(Beginning of Working data)

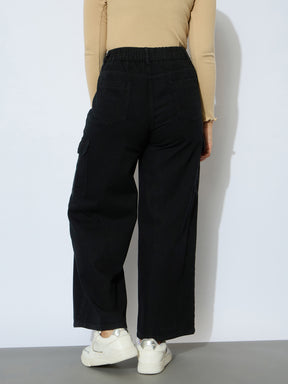 Girl Jet Black Denim Side Pocket Straight Jeans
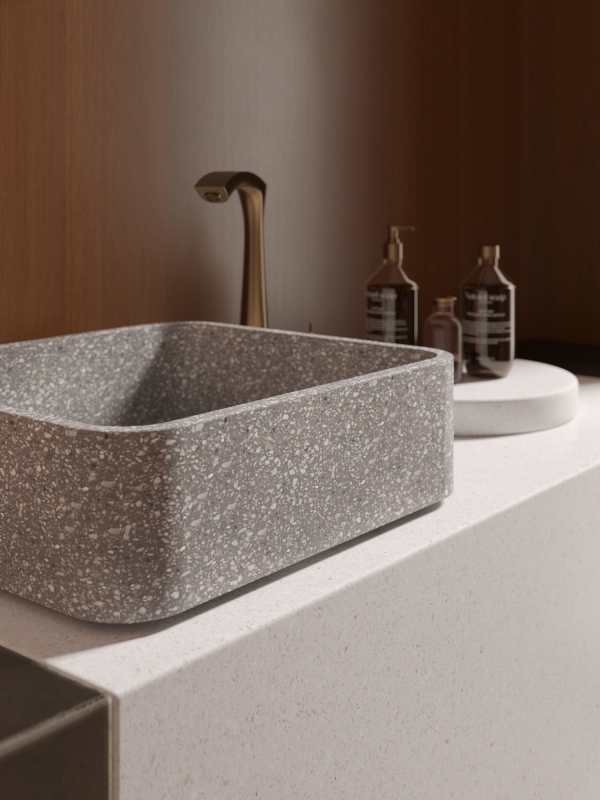 MX001 Cement Base Terrazzo Counter top Basin Colors Changeble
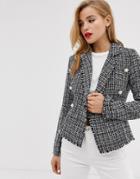 Parisian Crop Tweed Blazer With Peral Effect Buttons - Black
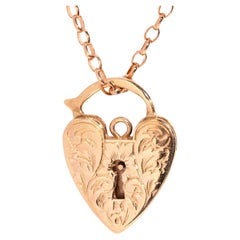 Vintage Circa 1960s Heart Shaped Padlock Pendant & Chain 9 Carat Rose Gold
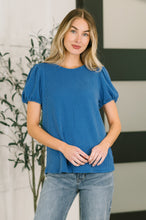 Load image into Gallery viewer, Grace &amp; Virtue Balloon Sleeve Blouse in Ocean Blue
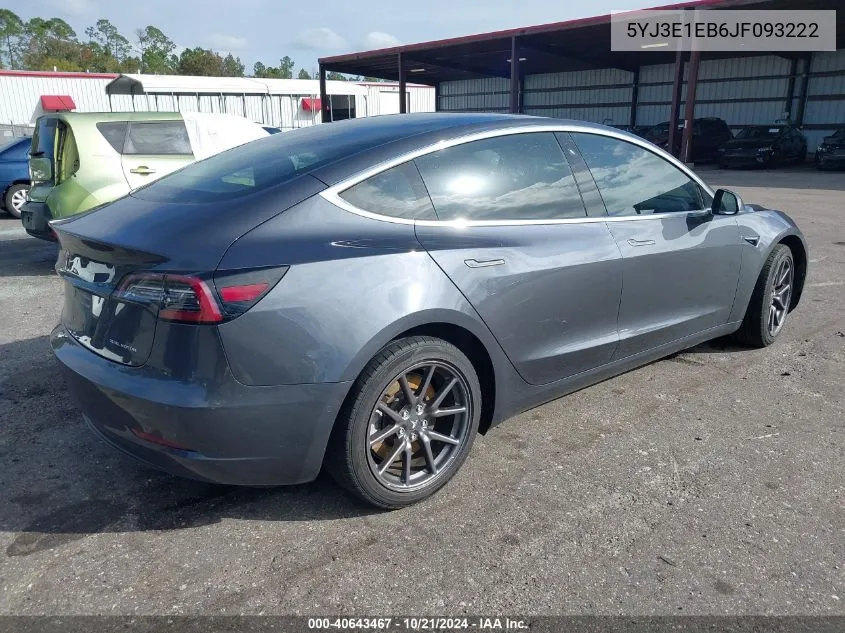 2018 Tesla Model 3 VIN: 5YJ3E1EB6JF093222 Lot: 40643467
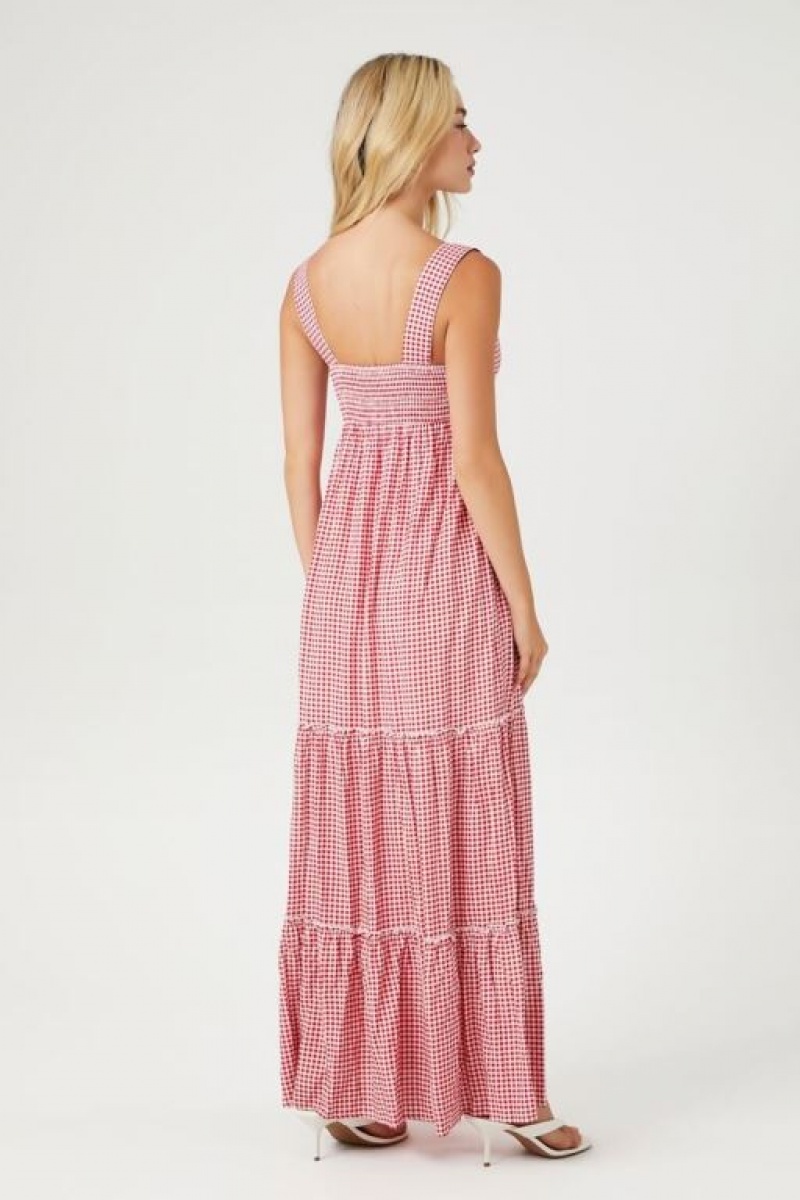 Vestido Forever 21 Gingham Maxi Mujer Rojas Blancas | 2RY5siswidb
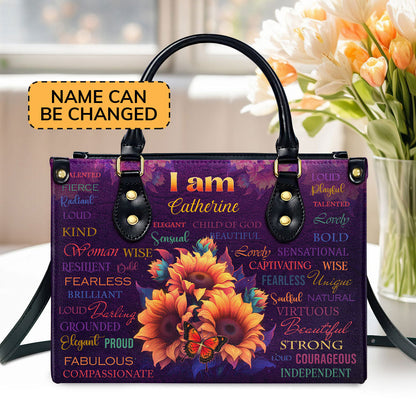 I Am Fearless | Gift For Her | Personalized Zippered Leather Handbag With Handle LHBM718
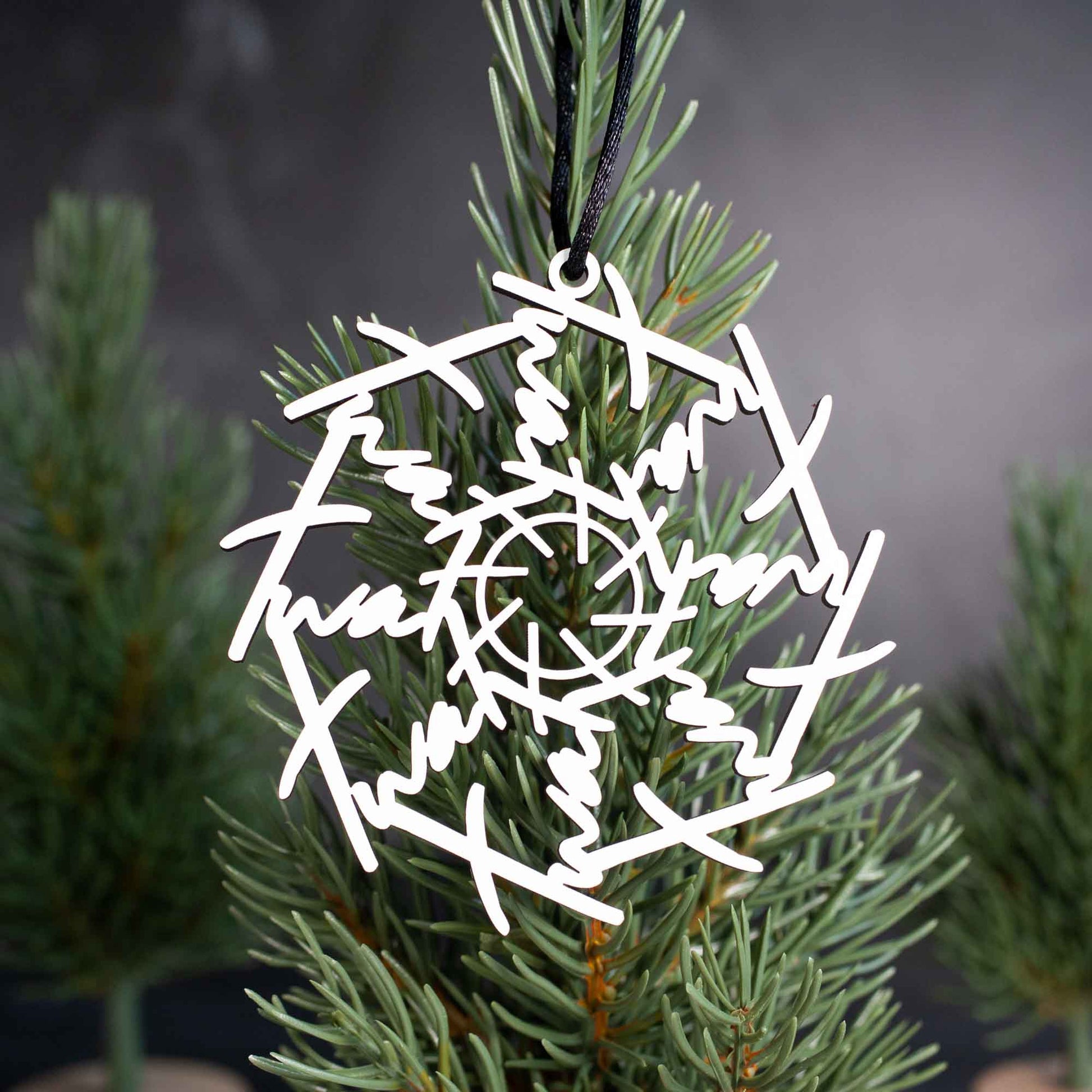 Swear Word Ornament: Laser Cut White Wood Twat Flake by LeeMo Designs in Bend, Oregon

(End of Working data)

Nothing but the lines from the one that holds "Vestido Forever 21" through the end of the data should appear, written out exactly, without pictures.

 Vestido Forever 21 Gingham Maxi Mujer Rojas Blancas | 2RY5siswidb
 I Am Fearless | Gift For Her | Personalized Zippered Leather Handbag With Handle LHBM718
 Swear Word Ornament: Laser Cut White Wood Twat Flake by LeeMo Designs in Bend, Oregon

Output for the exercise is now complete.